The Australian Consumer and Competition Commission has appealed to the Federal Court to review the Australian Competition Tribunal's recent decision on the terms of access by Glencore to services at the Port of Newcastle.
It follows the tribunal's rearbitration of an access dispute between Glencore and the Port of Newcastle in October about the charge for ships entering the port to export Glencore's coal.
Glencore is the biggest exporter of coal from Newcastle, and the navigation service charges are the port's main source of revenue.
The tribunal ruling, which did not apply to other coal companies using the shipping channel, was due to expire in 2031.
"While the Tribunal took the same approach as the ACCC on a number of issues, the ACCC is seeking review of the Tribunal's treatment of user funding at the port," ACCC Chair Rod Sims said on Thursday.
A significant part of the dispute is about whether the costs that the Port of Newcastle is allowed to recover should include the costs for dredging the shipping channel that were historically funded by various users of the port.

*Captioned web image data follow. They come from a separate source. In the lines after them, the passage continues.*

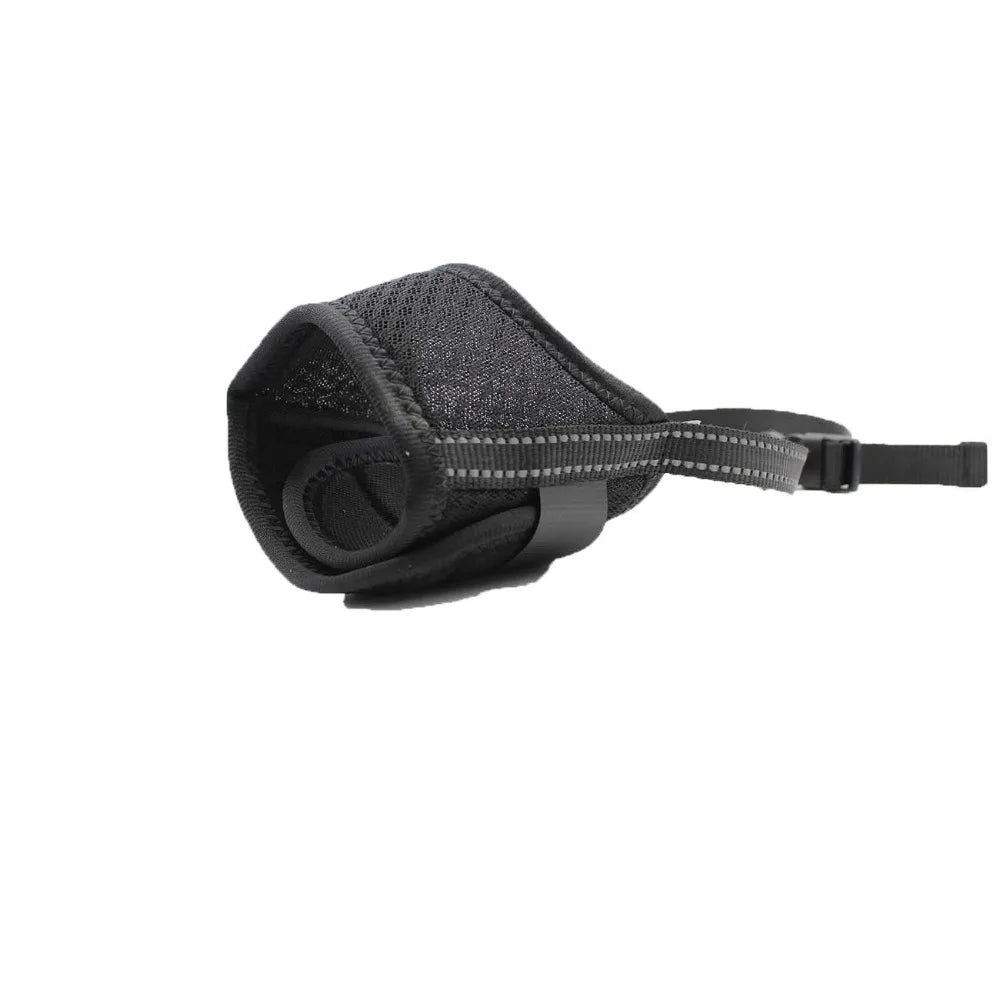 the ANTI-BITE DOG MUZZLE - Soft Air Mesh Dog Muzzle for Small, Medium & Large Dogs – Anti-Bite, Anti-Bark, Anti-Chew, Breathable, Drinkable & Adjustable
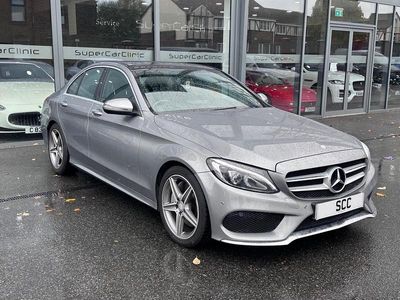 Silver Used 2015 Mercedes C250 AMG Line Premium Sedan | £9,995 (Fair price)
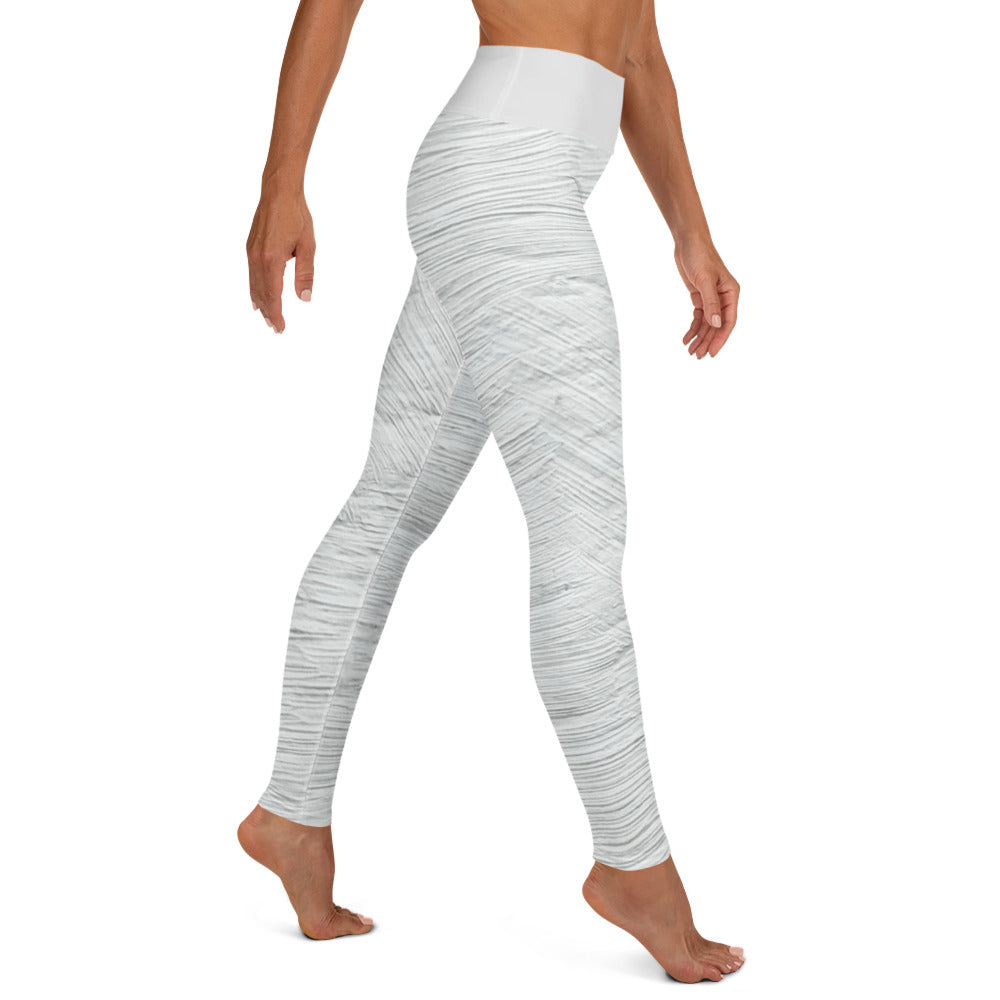 GymWidowz Yoga Leggings - Brushstrokes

The ACCC excluded these user funded amounts in its original arbitration and determined an access charge of $0.61 per gross tonne as at 1 January 2018. However, the tribunal included these amounts and determined an access charge $1.01 per gross tonne.

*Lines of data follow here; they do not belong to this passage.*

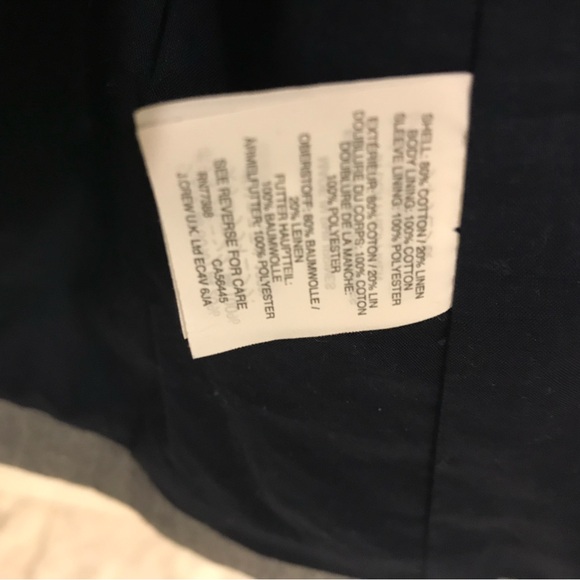 Jcrew NWT linen Women's Blazer jacket size 0p cute - Picture 8 of 9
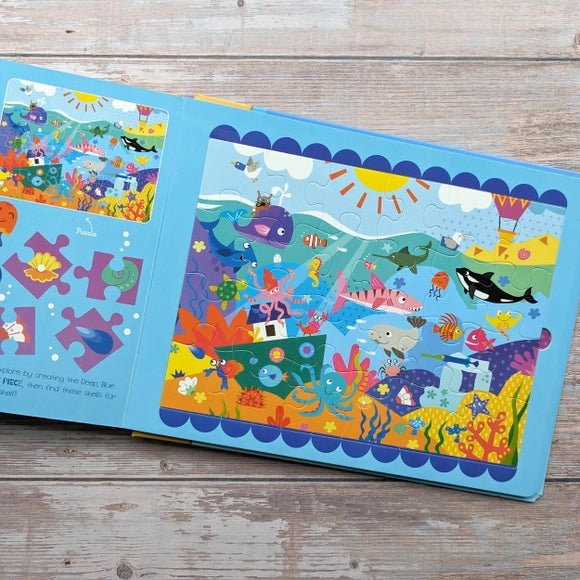 Places to Visit 5 Jigsaw Puzzle Book for Children - Puzzle Bored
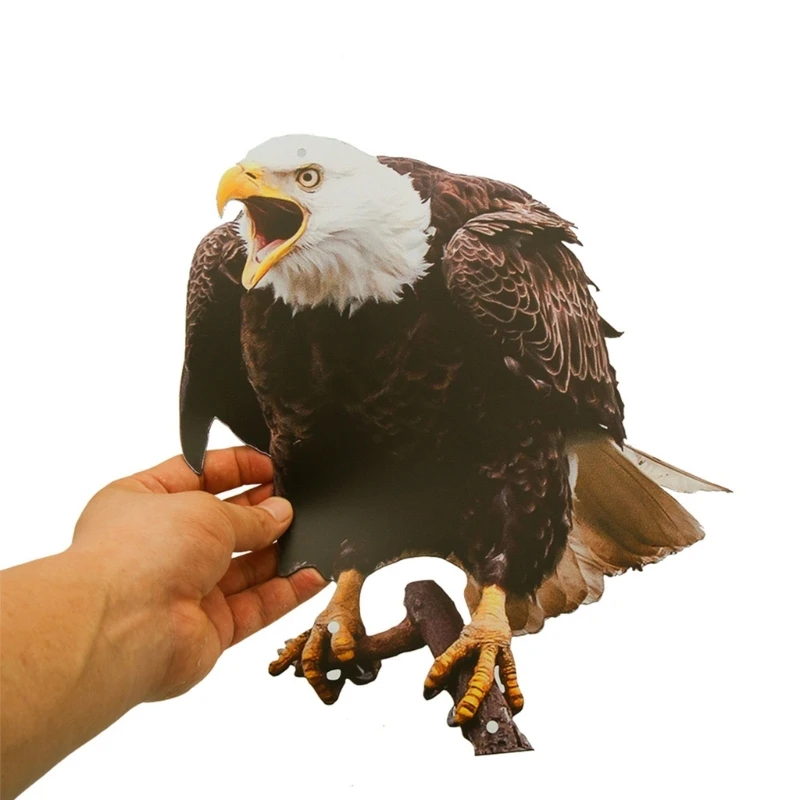 Realistic Owl Bird Repeller Ringing for Outdoor Use Bird Scare and Frighten Bird Keep Birds Away New 5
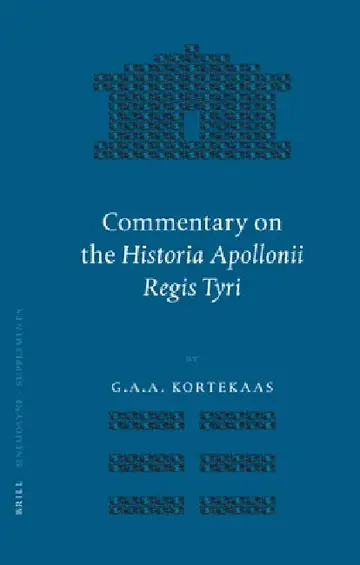 Cover of Commentary on the Historia Apollonii Regis Tyri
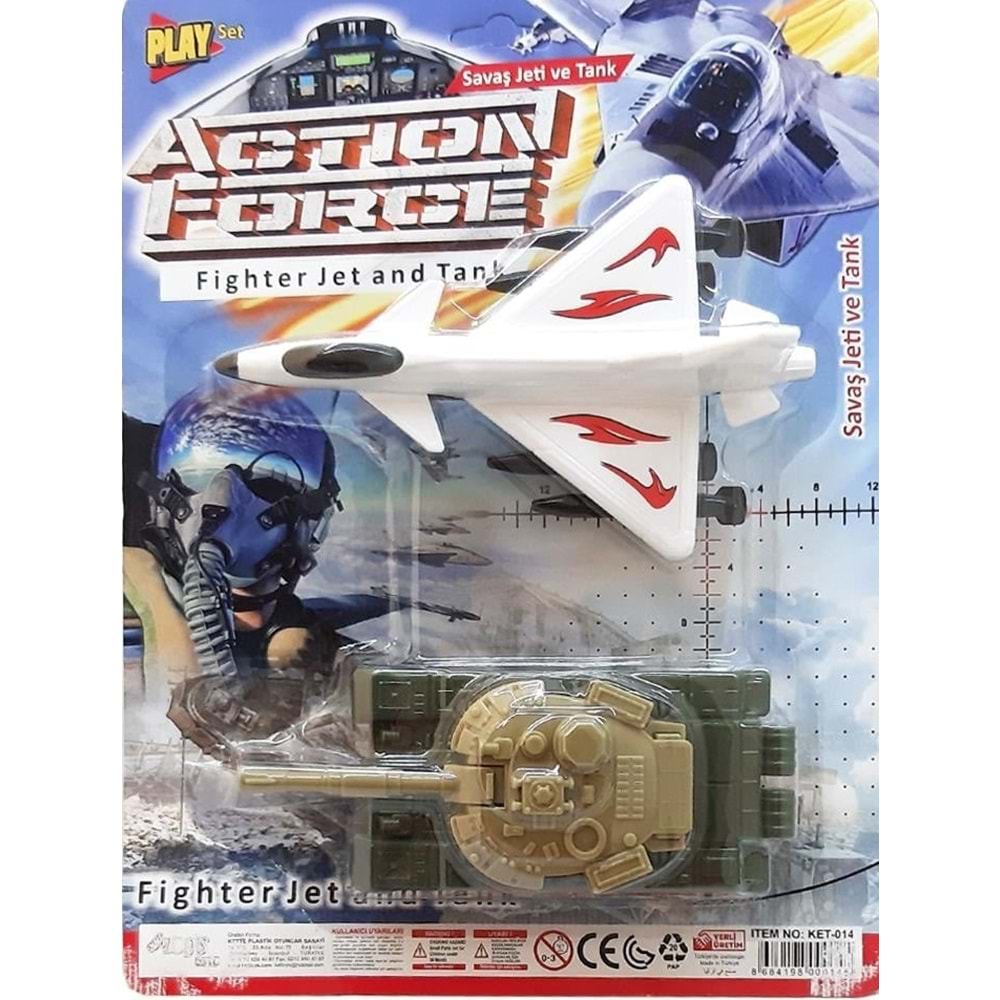 KETTE TOYS KARTELADA 2 Lİ UÇAK TANK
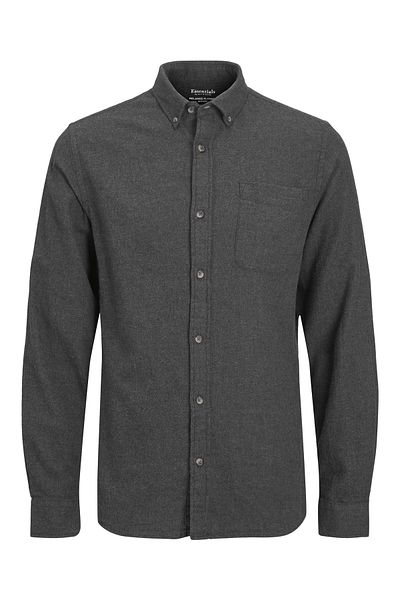 Jack & Jones Classic Melange Slimfit Langarmhemd - with Button, Kragen and Brusttasche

The tribunal's decision allows the Port of Newcastle to recover the user funded amounts in its access charge.
"The ACCC does not consider it to be economically efficient for a service provider to be allowed to charge any user for costs of assets that have already been funded by users," Mr Sims said.
"Our appeal will focus on what we will argue are errors in the way the Tribunal has approached the principles of user funding, which could have implications for other regulatory matters."
Mr Sims previously argued that allowing the port to become an unconstrained monopoly was not in the economy's best interests.
Port of Newcastle chief executive Craig Carmody said on Thursday said the ACCC appeal was a disappointing development.
"Port pricing should remain subject to an appropriate and efficient commercial relationship between the port and its customers," Mr Carmody said.
"The endless legal battles erode confidence in investing in infrastructure, be it at the mine or at the port, in one of Australia's most important export industries.
"We will continue to sit down with our customers to discuss our services and pricing, respecting the need for all parties to return to a normal commercial relationship."